(YOUR TASK) Only the lines of the listing below that run from the line with "Used Audi A5" through the line with "Pizza Slice Halloween Costume" are to be set down, word for word. Pictures stay out.

(PROVIDED DATA)
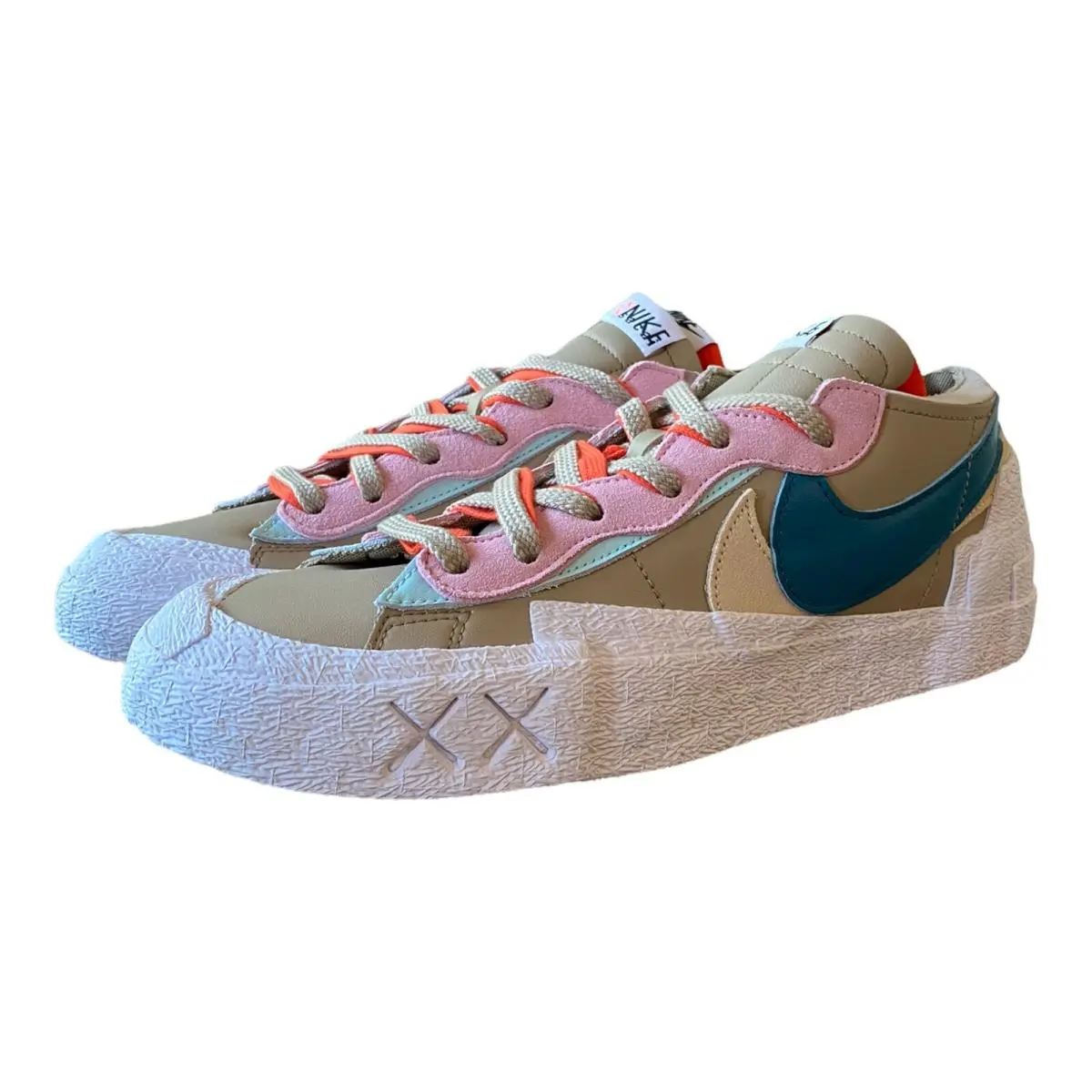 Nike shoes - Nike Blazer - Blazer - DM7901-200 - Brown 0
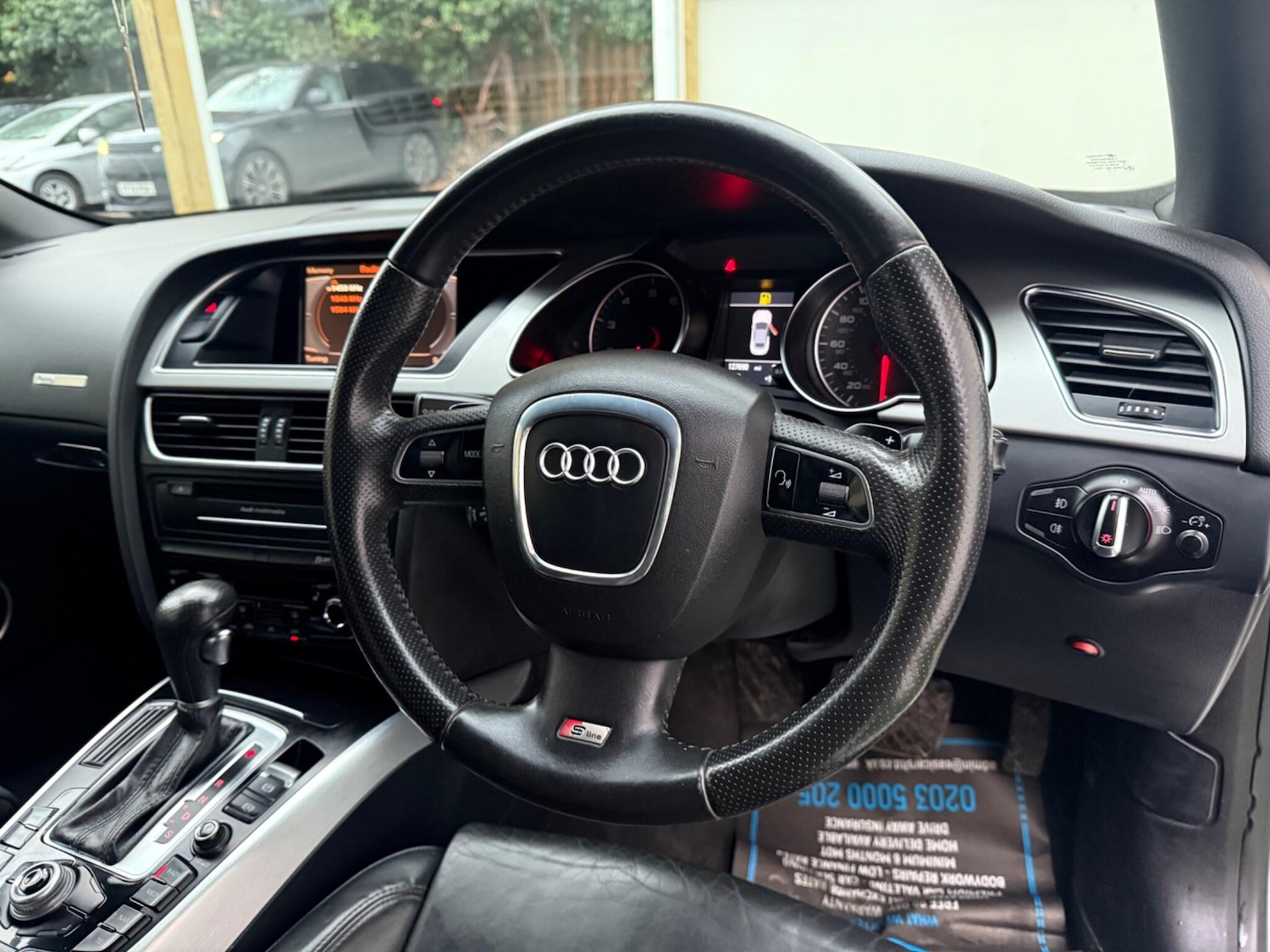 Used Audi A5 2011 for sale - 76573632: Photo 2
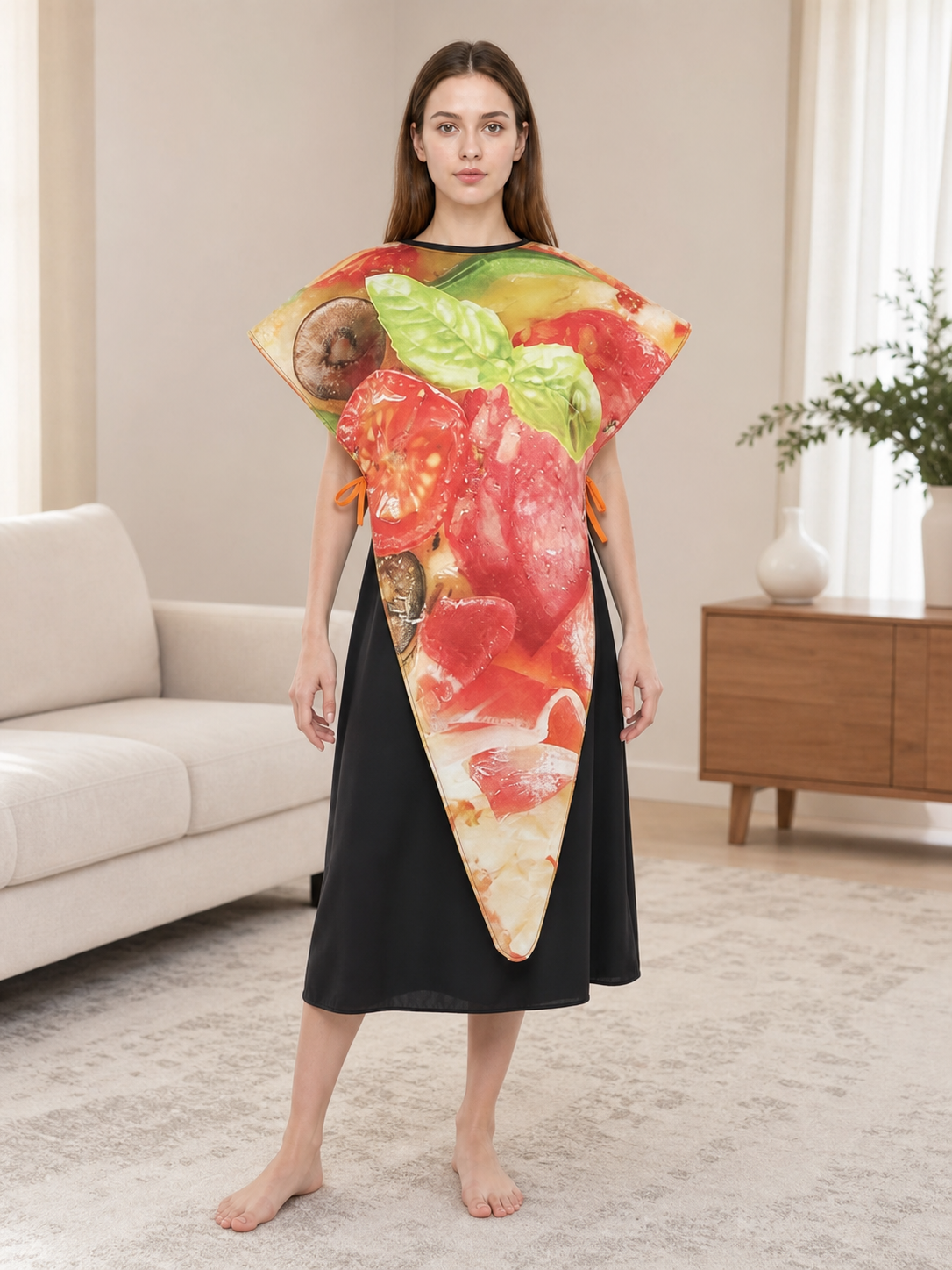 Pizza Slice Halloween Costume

* * *

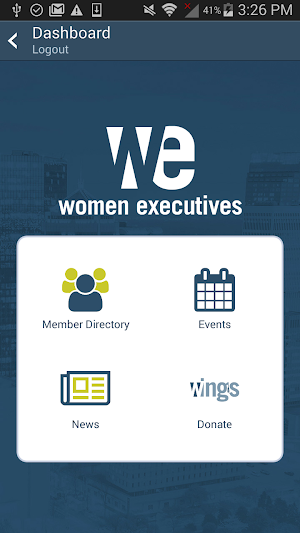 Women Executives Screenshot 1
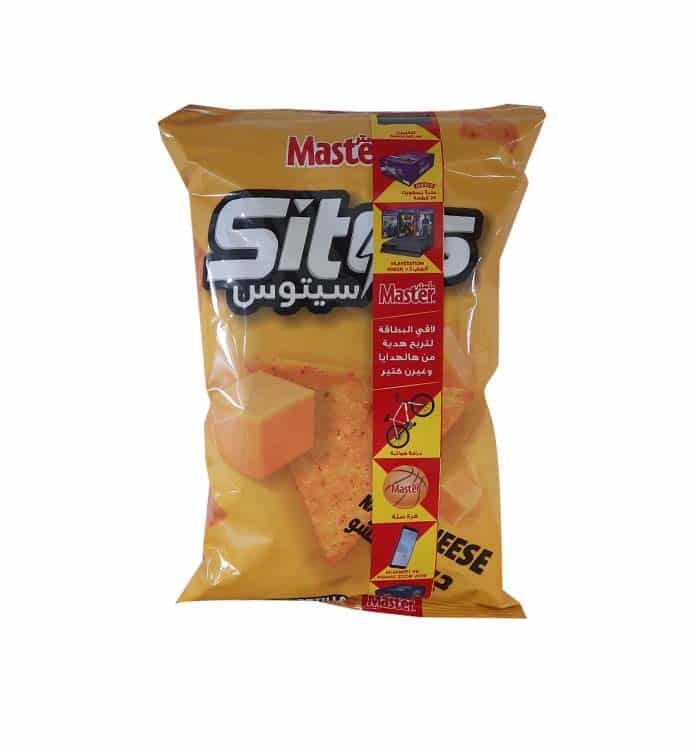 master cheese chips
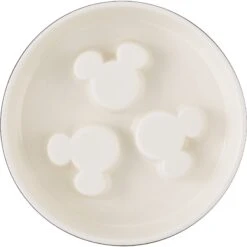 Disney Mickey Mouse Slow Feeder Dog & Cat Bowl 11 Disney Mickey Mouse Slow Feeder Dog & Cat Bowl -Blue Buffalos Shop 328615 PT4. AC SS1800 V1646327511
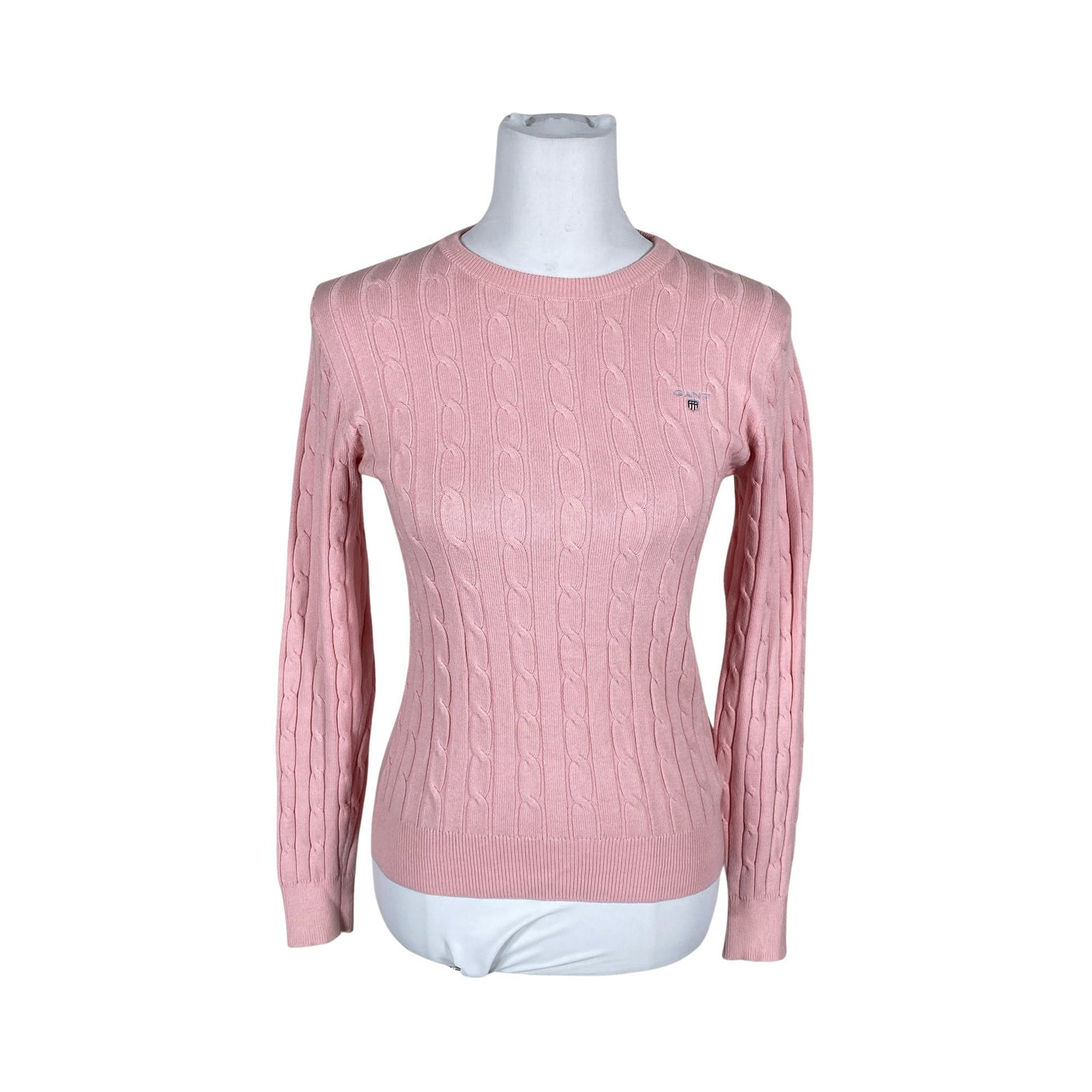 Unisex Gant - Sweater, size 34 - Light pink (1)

(ANSWER BELOW)
 Used Audi A5 2011 for sale - 76573632: Photo 2
 Pizza Slice Halloween Costume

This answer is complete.